Growing trade between Turks and Kurds

Washington Times:

Growing tensions between Turkey and Kurds in control of northern Iraq belie a deepening cooperation, as Turkish companies, workers and goods flock to a market enriched by 17 percent of Iraq's oil revenues.

Stocked almost entirely with Turkish brands, upmarket Iraqi Kurdish supermarkets only differ from their counterparts north of the border in their taste for gaudy decoration.

Once the preserve of two-story family houses, the suburbs of Iraqi Kurdish cities are increasingly home to the high-rise blocks characteristic of Turkey.

"Turkey is by far and away our most important trading partner," says Aziz Ibrahim Abdo, general director at the Ministry of Trade in the Iraqi Kurdish capital Irbil. "You can see that by looking around you."

The statistics back him up, too. In Irbil, 380 out of 500 foreign companies are Turkish. In Dohuk, a city farther west, 65 percent of contracts worth about $350 million so far this year have gone to Turkish companies.

Worth another $350 million and $300 million, respectively, brand new airports in Irbil and Sulaimaniyah are Turkish products.

Another Turkish company won a $260 million bid to build a new university campus in Sulaimaniyah.

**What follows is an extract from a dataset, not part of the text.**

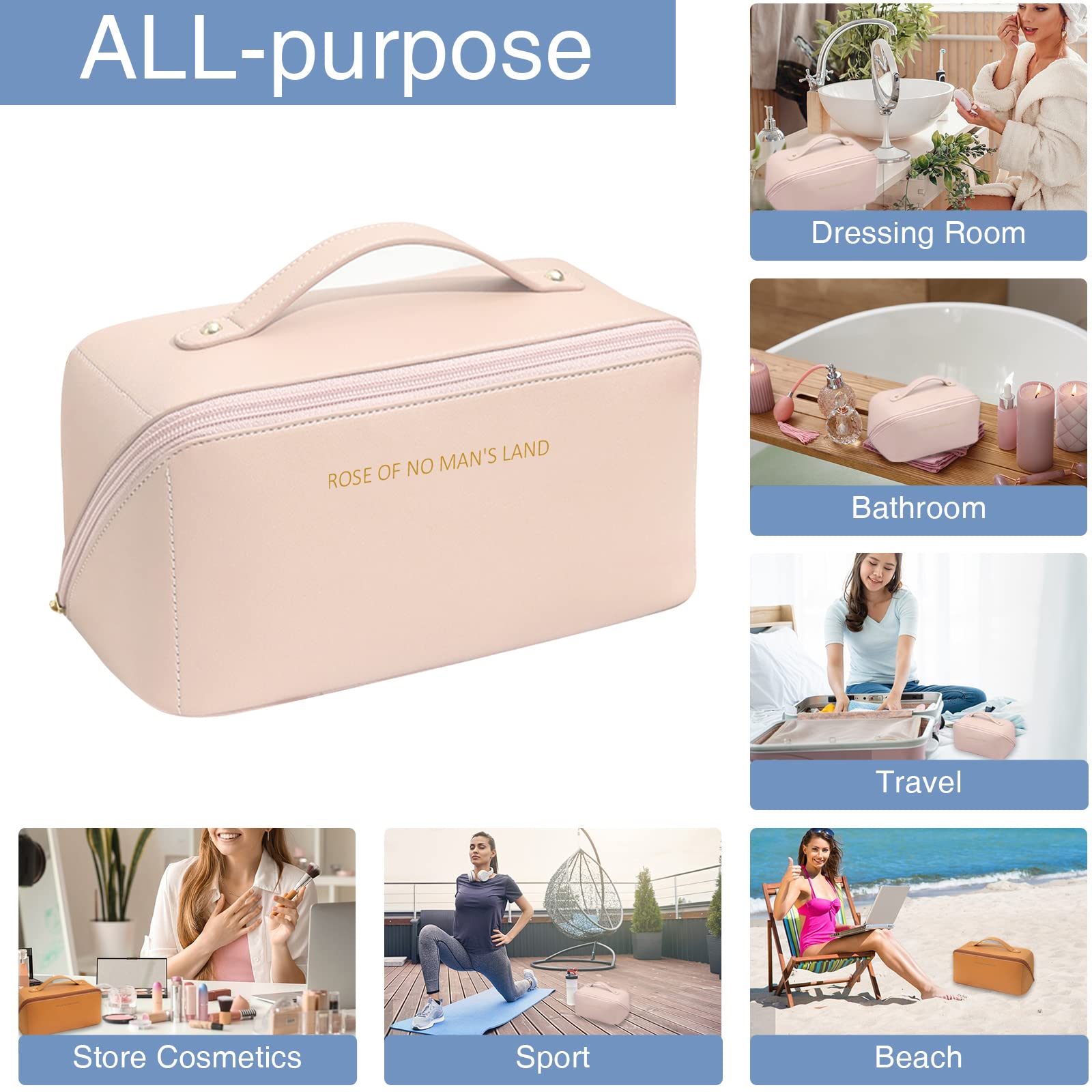 Large Capacity Travel Cosmetic Bag 2-Pack - Waterproof PU Leather Makeup Organizer with Dividers for Travel & Daily Use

"The quality of Turkish work is good, and they're much more trustworthy than the Iranians," said Ibrahim Sofy, deputy head of Irbil's Chamber of Commerce.

...
No kidding. With all of this commerce, it is pretty clear why the threats of an invasion by Turkey make little to no sense. What you have to wonder is why Turkey cannot get along with its own Kurds as well as it does the Iraqi ones.